Captioned web images
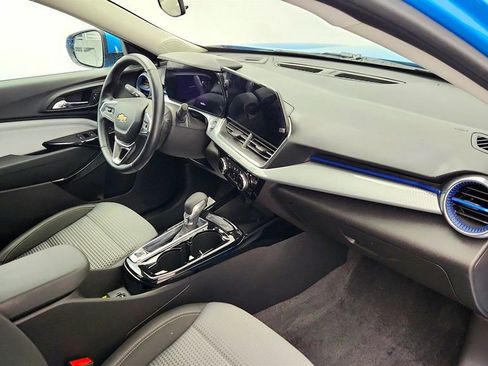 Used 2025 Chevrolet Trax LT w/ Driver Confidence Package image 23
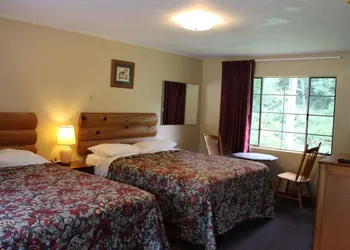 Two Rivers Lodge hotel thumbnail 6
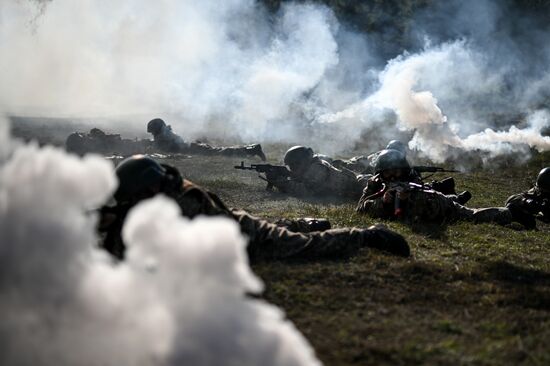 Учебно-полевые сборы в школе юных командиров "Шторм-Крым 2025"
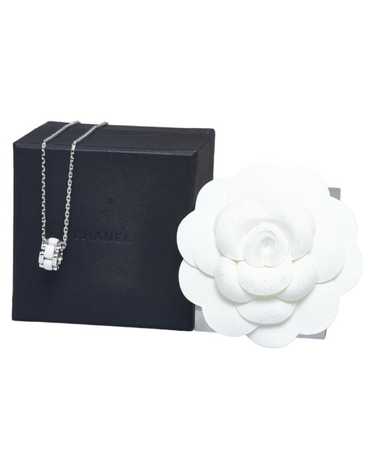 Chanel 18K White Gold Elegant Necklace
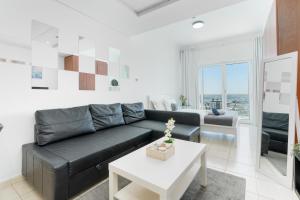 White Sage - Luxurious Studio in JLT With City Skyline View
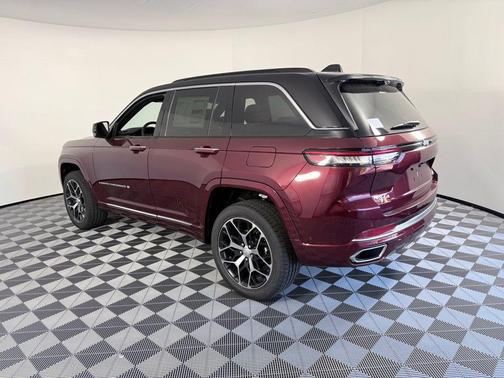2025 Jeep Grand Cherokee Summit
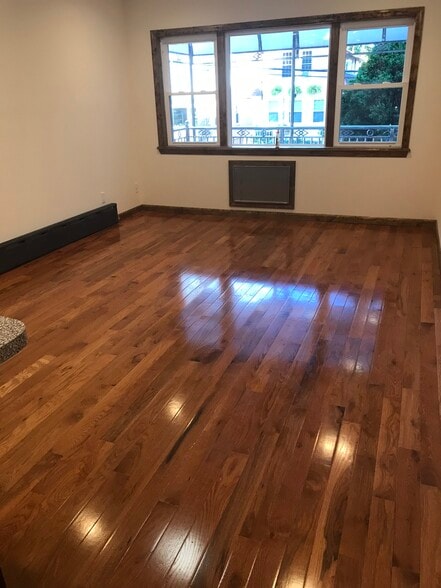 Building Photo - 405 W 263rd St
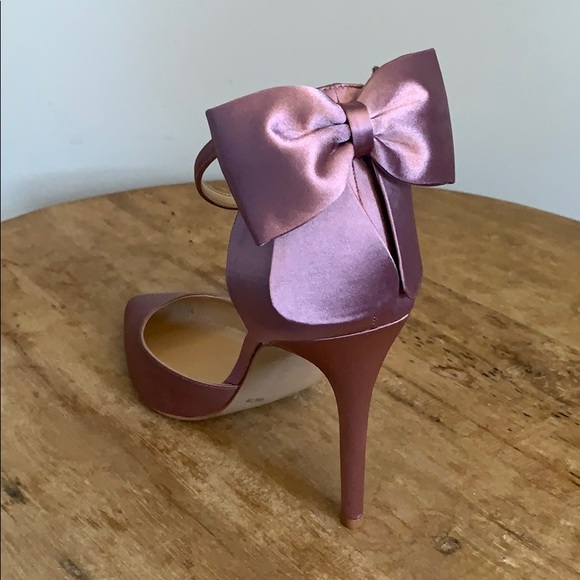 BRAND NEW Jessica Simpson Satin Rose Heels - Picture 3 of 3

## The problem
Omit the pictures. Print, word for word, the lines from the beginning of the entries above through the line that holds "Building Photo - 405 W 263rd St".

## The answer
 Used 2025 Chevrolet Trax LT w/ Driver Confidence Package image 23
 Two Rivers Lodge hotel thumbnail 6
 Учебно-полевые сборы в школе юных командиров "Шторм-Крым 2025"
 Chanel 18K White Gold Elegant Necklace
 White Sage - Luxurious Studio in JLT With City Skyline View
2025 Jeep Grand Cherokee Summit
 Building Photo - 405 W 263rd St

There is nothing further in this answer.